Transcribe only the lines of the listing below from the one holding "Stue med sofaområde" through the one holding "Max Factor Colour", inclusive, without any change.
++++
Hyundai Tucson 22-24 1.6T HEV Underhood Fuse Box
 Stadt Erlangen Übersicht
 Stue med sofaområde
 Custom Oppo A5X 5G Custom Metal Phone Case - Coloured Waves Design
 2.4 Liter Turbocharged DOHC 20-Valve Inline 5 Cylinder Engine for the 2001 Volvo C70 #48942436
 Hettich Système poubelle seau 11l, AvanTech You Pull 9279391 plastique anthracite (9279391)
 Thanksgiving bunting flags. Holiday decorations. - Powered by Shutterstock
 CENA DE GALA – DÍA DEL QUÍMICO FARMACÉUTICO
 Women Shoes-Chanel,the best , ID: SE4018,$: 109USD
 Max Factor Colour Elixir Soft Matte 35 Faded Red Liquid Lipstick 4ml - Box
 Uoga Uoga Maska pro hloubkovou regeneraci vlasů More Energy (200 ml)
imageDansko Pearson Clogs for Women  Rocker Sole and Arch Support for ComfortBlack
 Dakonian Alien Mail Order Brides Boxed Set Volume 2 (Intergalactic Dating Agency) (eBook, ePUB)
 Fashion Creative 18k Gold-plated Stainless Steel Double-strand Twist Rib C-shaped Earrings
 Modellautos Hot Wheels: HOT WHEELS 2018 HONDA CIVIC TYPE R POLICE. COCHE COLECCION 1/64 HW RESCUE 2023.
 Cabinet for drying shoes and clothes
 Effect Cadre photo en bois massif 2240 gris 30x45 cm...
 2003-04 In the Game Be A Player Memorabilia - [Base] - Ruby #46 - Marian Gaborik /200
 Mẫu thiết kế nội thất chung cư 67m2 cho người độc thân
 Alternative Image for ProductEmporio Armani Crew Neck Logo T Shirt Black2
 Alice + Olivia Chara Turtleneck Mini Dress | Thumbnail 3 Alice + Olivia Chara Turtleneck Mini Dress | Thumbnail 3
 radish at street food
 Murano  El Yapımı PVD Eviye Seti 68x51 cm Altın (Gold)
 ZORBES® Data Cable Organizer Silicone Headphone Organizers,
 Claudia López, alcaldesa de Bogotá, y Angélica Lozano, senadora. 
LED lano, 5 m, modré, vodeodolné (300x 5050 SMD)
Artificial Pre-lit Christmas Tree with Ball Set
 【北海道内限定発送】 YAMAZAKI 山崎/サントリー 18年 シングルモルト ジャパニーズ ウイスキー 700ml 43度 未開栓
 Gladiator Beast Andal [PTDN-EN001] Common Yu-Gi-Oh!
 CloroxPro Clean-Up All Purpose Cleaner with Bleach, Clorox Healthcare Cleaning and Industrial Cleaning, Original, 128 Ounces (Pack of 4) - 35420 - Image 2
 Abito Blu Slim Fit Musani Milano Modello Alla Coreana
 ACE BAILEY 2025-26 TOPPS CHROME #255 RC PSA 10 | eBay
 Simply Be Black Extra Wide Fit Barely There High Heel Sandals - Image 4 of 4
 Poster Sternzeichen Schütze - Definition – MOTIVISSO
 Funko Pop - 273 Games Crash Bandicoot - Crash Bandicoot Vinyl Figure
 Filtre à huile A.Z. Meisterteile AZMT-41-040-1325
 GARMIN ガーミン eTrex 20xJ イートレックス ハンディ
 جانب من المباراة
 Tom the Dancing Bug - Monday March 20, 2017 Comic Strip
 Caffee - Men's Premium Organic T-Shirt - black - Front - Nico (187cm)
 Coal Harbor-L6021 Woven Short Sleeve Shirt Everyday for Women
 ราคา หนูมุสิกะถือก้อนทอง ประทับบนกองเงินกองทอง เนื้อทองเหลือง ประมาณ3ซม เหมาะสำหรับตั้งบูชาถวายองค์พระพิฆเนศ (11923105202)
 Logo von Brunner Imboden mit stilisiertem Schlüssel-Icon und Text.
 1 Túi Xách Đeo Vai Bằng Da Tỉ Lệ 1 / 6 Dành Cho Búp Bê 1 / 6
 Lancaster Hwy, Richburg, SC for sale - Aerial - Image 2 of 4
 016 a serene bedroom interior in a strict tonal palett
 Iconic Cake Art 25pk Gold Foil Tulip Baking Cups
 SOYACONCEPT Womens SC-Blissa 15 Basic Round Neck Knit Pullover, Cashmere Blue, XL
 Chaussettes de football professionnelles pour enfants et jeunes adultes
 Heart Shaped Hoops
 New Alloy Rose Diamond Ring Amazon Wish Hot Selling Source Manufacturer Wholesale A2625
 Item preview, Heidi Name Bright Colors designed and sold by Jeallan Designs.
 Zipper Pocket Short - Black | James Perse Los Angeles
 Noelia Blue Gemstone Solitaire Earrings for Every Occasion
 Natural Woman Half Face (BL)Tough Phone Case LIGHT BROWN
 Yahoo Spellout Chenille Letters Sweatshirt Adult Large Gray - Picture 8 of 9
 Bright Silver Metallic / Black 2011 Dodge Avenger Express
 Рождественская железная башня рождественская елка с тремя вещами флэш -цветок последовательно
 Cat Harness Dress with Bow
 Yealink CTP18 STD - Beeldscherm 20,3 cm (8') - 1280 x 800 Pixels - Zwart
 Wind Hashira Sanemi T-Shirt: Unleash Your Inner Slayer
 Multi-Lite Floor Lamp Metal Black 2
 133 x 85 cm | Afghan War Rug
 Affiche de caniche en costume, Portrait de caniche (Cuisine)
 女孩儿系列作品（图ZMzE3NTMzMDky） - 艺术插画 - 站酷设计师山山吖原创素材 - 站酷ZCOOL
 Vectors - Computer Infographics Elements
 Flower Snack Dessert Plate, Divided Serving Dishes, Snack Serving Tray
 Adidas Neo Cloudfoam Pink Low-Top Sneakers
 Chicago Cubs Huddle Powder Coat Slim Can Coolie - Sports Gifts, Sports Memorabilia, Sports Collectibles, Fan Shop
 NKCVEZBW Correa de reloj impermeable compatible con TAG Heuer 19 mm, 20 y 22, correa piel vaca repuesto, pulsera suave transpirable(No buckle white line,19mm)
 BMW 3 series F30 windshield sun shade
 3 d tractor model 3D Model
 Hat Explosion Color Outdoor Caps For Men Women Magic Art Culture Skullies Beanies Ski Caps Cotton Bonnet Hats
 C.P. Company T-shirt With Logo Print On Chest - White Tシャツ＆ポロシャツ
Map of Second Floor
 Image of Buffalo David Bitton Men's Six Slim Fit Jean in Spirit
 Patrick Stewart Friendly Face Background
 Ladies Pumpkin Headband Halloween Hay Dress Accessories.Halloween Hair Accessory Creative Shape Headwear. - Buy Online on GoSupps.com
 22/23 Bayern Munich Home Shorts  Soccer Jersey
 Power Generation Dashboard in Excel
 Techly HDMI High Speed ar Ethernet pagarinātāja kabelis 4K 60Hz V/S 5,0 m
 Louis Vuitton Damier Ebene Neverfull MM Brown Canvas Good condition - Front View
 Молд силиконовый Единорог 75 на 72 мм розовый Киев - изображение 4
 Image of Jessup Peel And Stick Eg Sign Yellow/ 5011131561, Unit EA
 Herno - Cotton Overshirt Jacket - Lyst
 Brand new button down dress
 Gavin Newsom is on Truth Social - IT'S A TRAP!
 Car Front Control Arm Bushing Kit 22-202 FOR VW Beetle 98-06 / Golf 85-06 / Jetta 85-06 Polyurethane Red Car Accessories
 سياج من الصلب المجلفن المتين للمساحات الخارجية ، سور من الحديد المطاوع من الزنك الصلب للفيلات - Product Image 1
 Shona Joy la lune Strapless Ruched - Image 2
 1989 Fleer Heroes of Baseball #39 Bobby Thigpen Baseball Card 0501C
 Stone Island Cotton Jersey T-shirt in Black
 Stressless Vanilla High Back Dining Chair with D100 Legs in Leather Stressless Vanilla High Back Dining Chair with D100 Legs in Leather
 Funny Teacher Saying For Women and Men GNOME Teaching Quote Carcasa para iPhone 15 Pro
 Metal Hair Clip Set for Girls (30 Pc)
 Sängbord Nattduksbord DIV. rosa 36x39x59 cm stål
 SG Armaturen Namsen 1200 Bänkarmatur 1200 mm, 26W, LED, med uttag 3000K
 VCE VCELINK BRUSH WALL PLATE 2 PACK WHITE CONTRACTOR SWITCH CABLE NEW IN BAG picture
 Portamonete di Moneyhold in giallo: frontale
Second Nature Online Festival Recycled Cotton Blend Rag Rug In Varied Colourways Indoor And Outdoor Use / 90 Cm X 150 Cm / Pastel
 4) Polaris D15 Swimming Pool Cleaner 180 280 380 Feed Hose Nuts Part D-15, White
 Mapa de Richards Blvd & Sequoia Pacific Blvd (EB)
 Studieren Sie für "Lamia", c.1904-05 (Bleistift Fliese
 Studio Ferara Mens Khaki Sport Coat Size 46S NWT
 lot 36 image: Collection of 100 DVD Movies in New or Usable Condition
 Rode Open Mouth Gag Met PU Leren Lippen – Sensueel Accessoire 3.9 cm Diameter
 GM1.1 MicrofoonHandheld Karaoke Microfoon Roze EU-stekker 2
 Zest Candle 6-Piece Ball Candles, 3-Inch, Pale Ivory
++++
Result of the task>
 Stue med sofaområde
 Custom Oppo A5X 5G Custom Metal Phone Case - Coloured Waves Design
 2.4 Liter Turbocharged DOHC 20-Valve Inline 5 Cylinder Engine for the 2001 Volvo C70 #48942436
 Hettich Système poubelle seau 11l, AvanTech You Pull 9279391 plastique anthracite (9279391)
 Thanksgiving bunting flags. Holiday decorations. - Powered by Shutterstock
 CENA DE GALA – DÍA DEL QUÍMICO FARMACÉUTICO
 Women Shoes-Chanel,the best , ID: SE4018,$: 109USD
 Max Factor Colour Elixir Soft Matte 35 Faded Red Liquid Lipstick 4ml - Box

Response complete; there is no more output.